Step 6 / Texas in Lambert Conformal Conic projection
The Lambert Conformal Conic projection is a standard projection for presenting maps of land areas whose East-West extent is large compared with their North-South extent. This projection is "conformal" in the sense that lines of latitude and longitude, which are perpendicular to one another on the earth's surface, are also perpendicular to one another in the projected domain.
1. Create a new data frame, copy and paste Latlong and Counties to it from the previous view. Choose Properties for the data frame, rename the data frame as TX in Lambert projection.
2. Move to the Coordinate System tab and select Predefined/Projected Coordinate System/Continental/North America/USA Contiguous Lambert Conformal Conic projection. Click OK. Notice how the meridians now fan out from an origin at the center of rotation of the earth (a consequence of using a conic projection centered on the axis of rotation of the earth). The display shown is that produced by cutting the cone up the backside and unfolding the cone so that it lays flat on the table.

3. Zoom in to see the detailed Texas Counties in Lambert Conformal Conic projection.

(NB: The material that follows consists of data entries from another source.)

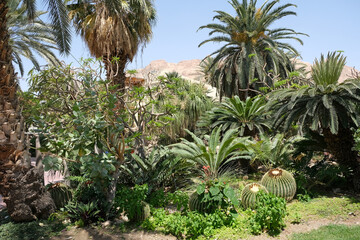 Ein Gedi Botanical Garden on the shores of the Dead Sea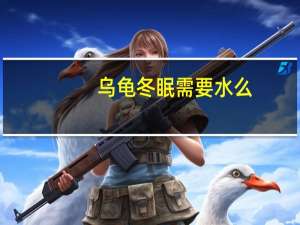 乌龟冬眠需要水么（乌龟冬眠时需要水）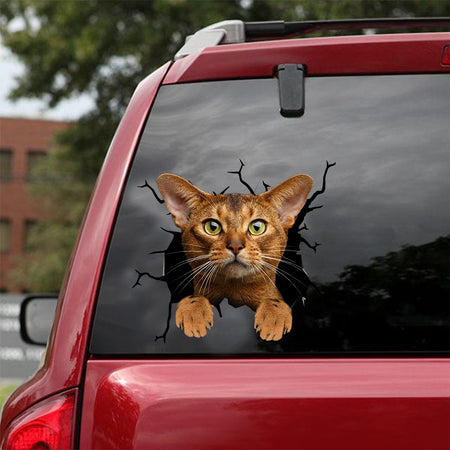 [dt0739-snf-tnt]-abyssinian-cat-crack-car-sticker-cat-lovers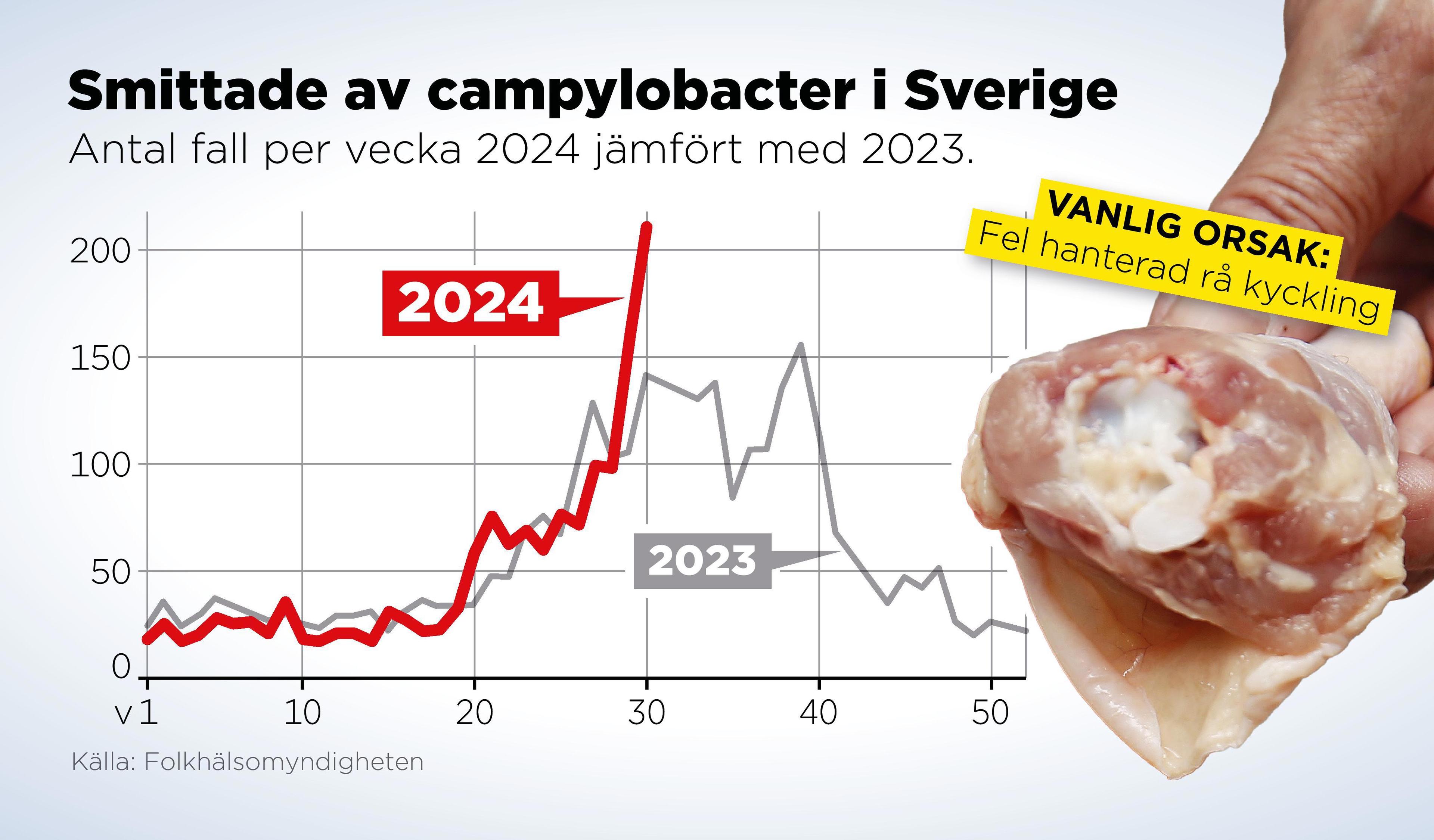 Antalet rapporterade fall av campylobacter per vecka 2024 jämfört med 2023. Foto: Anders Humlebo/TT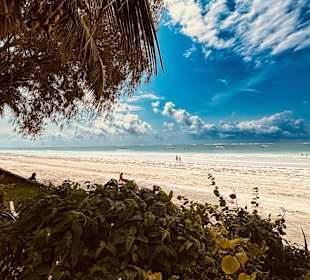 Strand am Papillon Lagoon Reef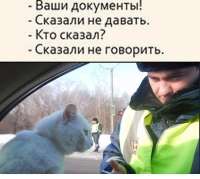 1750636917693.jpg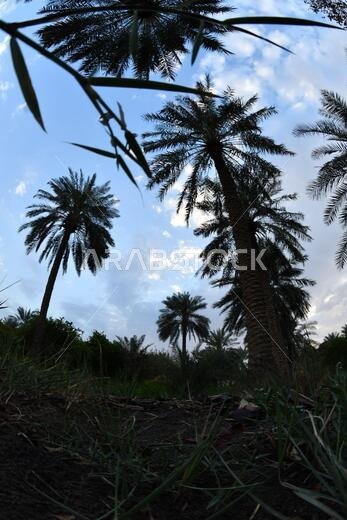 Date palm , tree of the palm family cultivated for its sweet edible fruits. The date palm has been prized from remotest antiquity.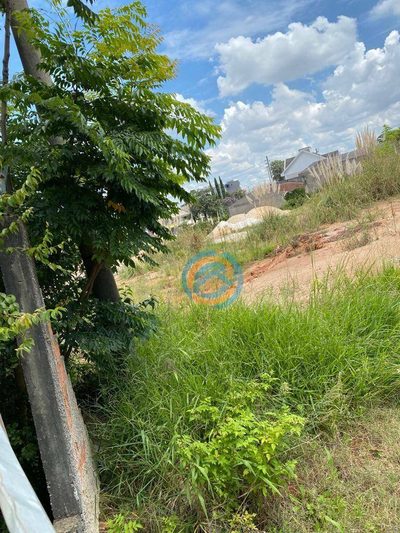 Loja-Salão, 1000 m² - Foto 4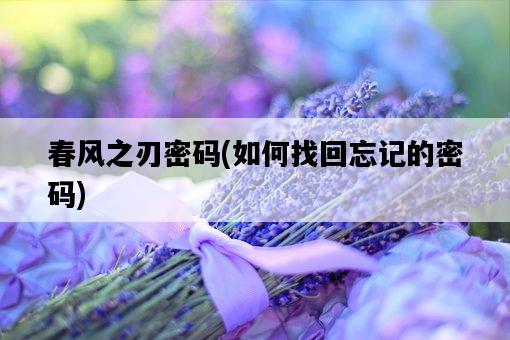 春風之刃密碼，如何找回忘記的密碼-圖1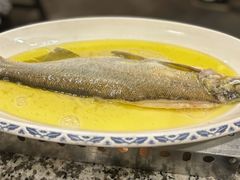 鸡汁白鱼-南京大牌档(崇文门国瑞店)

Notice that Texas appears to be tilted to the right slightly. This occurs because the Central Meridian of the projection used is 96ºW, which would appear as a vertical line in the display if it were shown. Regions to the West of this meridian (most of Texas) appear tilted to the right while those to the East of this meridian appear tilted to the left.

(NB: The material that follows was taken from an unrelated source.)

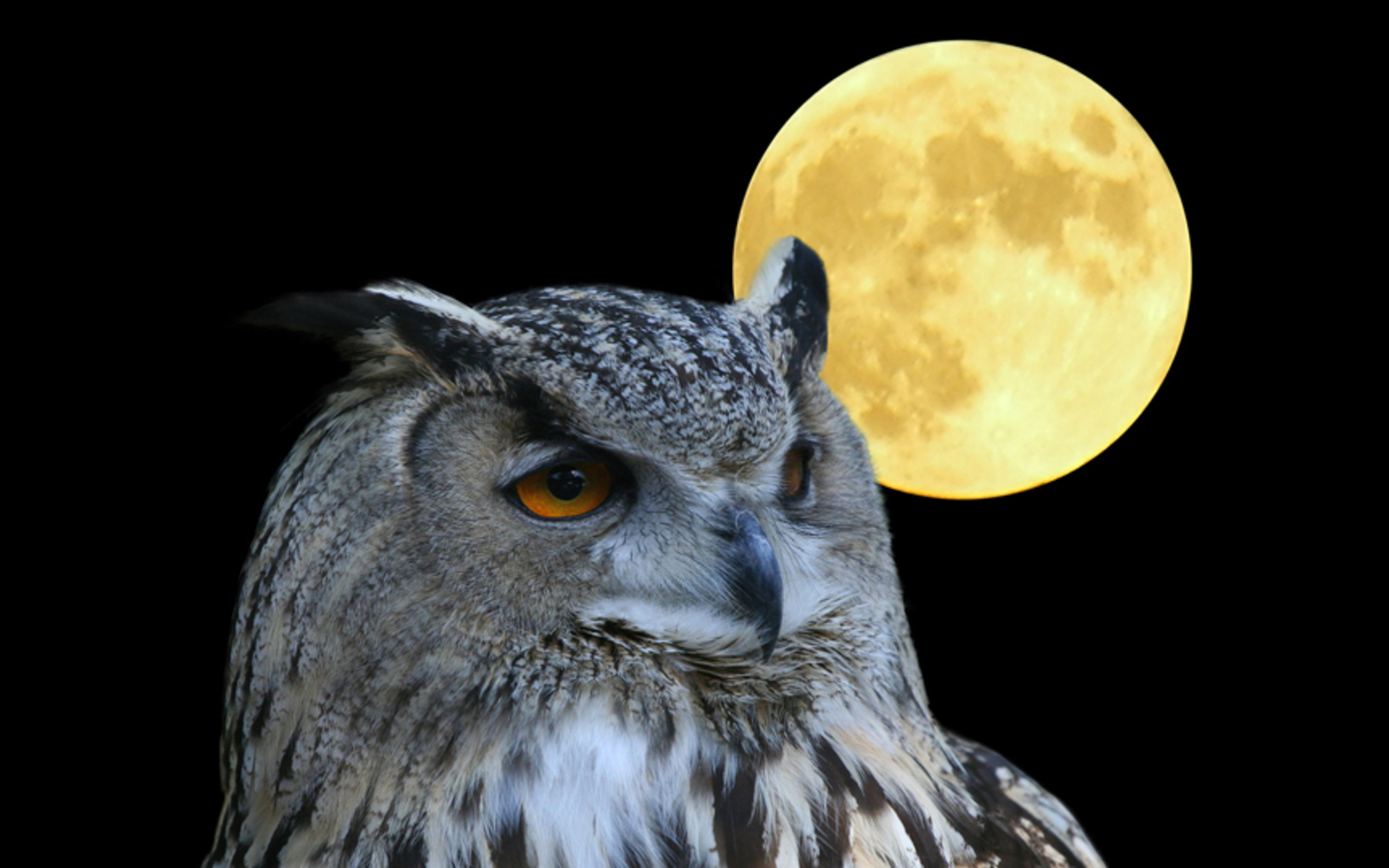 Owl Moon Wallpaper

Step 7 / Texas in the Texas Centric Mapping System
In order to present a pleasing map of Texas, and to minimize distortion of distance in State-wide maps, the Texas State GIS Committee, has approved a standard projection of Texas called the Texas Centric Mapping System (see for details. There are two variations on this projection, one in Lambert Conformal Conic coordinates and the other in Albers Equal Area coordinates. We’ll use the Albers Equal Area version since that works best for water resources computations that require true earth area to be preserved in map projections. The definition of this projection is:
Datum: North American Datum of 1983 (NAD83)
Ellipsoid: Geodetic Reference System of 1980 (GRS80)
Map units: meters
Central Meridian: 100°W (-100.0000)
Latitude of Origin: 18° N (18.0000)
Standard Parallel 1: 27° 30´ N (27.5000)
Standard Parallel 2: 35° N (35.0000)
False Easting: 1500000
False Northing: 6000000
This means the standard parallels where the cone cuts the earth's surface are located at about 1/6 of the distance from the top and bottom of the State, respectively, and that the origin of the coordinate system (at the intersection of the Central Meridian and the Reference Latitude) is to the South of Texas in the Gulf of Mexico, to which the coordinates (x, y) = (1500000, 6000000) meters is assigned so that the (x, y) coordinates of all locations in the State will be positive.

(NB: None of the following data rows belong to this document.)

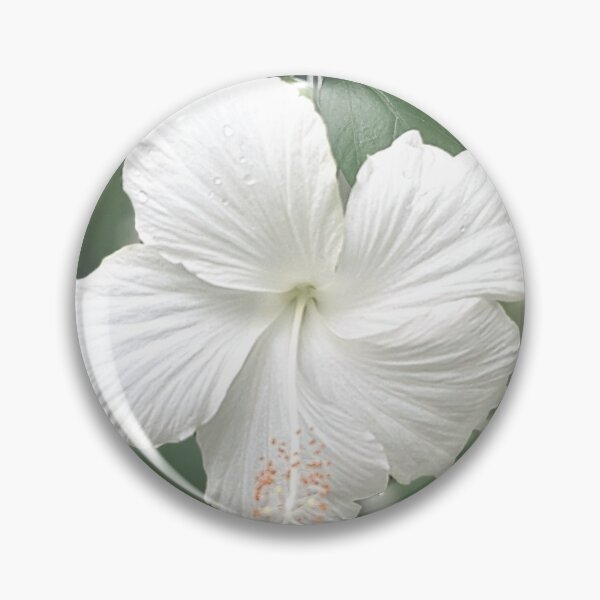 Item preview, Hibiscus flower designed and sold by Fluffycat2020.
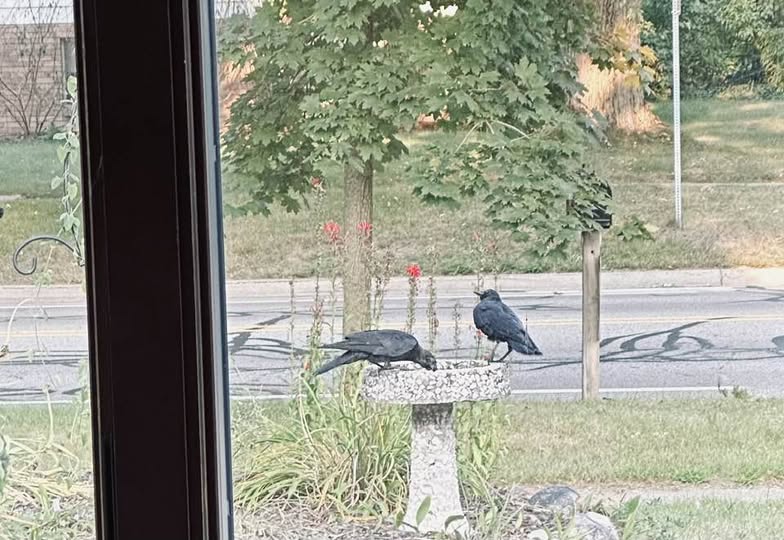 Pet Pic, 08262024&nbsp;edition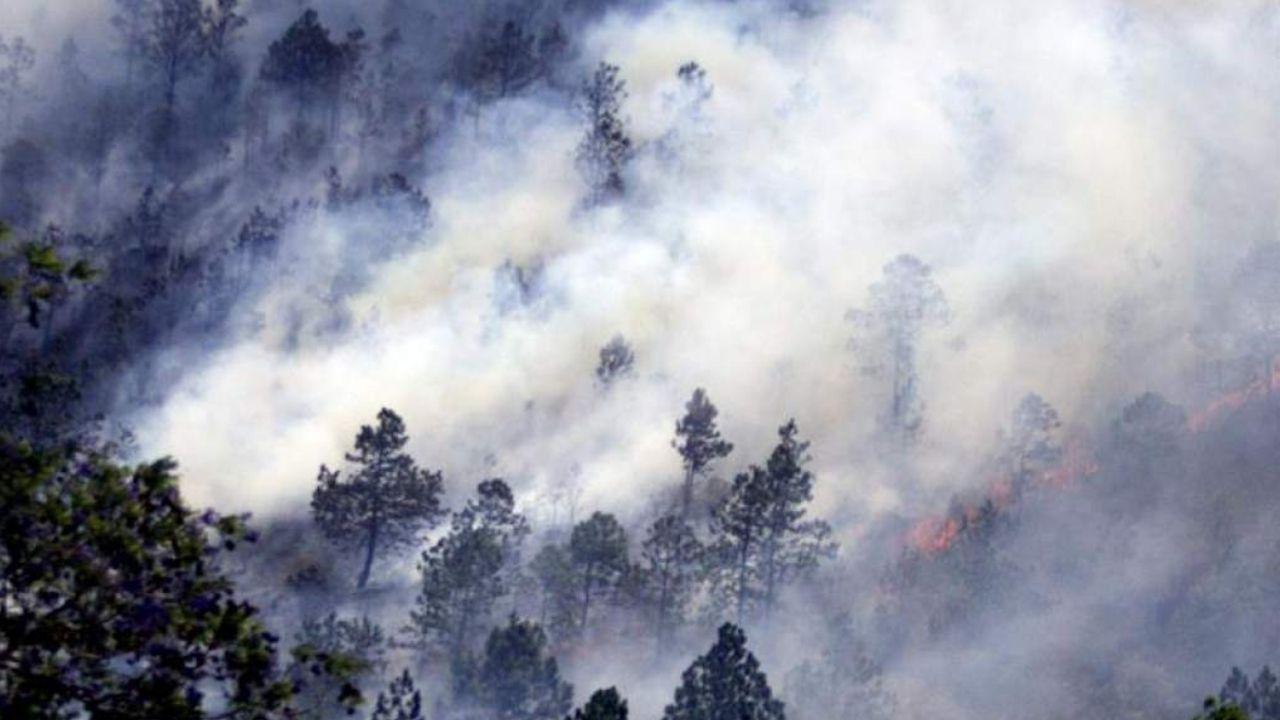 Honduras pierde al año 78,000 hectáreas de bosque y pide más responsabilidad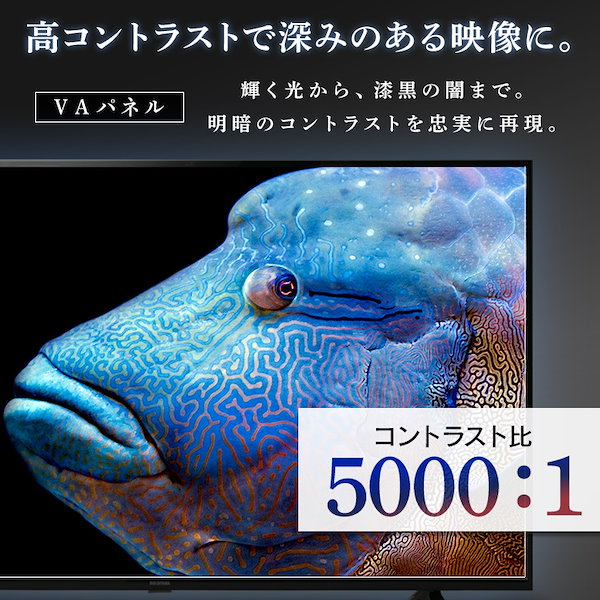 Qoo10] アイリスオーヤマ 【目玉商品】【公式】 テレビ 65型 F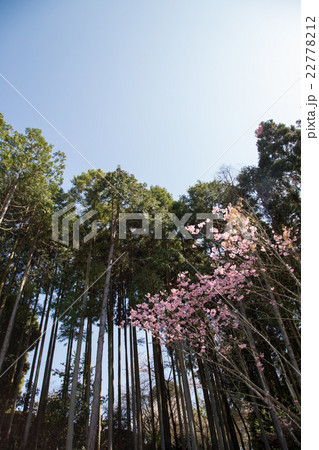 常照寺、白馬観音前、満開の桜と杉林 22778212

1. Create a new data frame, copy and paste Latlong and Counties to it from the previous view. Double-click on the data frame name and rename it Texas Centric 35.0. Click on the Coordinate System tab. With the <custom> folder highlighted select the New… button on the right to create a new Projected Coordinate System. Fill out the parameters with the values given above. You also have to select a Geographic Coordinate System to specify the earth datum. Select North American/North American Datum 1983.

2. Click both OKs in the two dialog box and you'll see the map of Texas transformed to a nice upright appearance, the Texas Centric Mapping System. Zoom into the state of Texas.

Step 8 / Texas in Universal Transverse Mercator (UTM) Projection
The Universal Transverse Mercator projection is actually a family of projections, each having in common the fact that they are Transverse Mercator projections produced by folding a horizontal cylinder around the earth. The term transverse arises from the fact that the axis of the cylinder is perpendicular or transverse to the axis of rotation of the earth. In the Universal Transverse Mercator coordinate system, the earth is divided into 60 zones, each 6° of longitude in width, and the Transverse Mercator projection is applied to each zone along its centerline, that is, the cylinder touches the earth's surface along the midline of each zone so that no point in a given zone is more than 3° from the location where earth distance is truly preserved.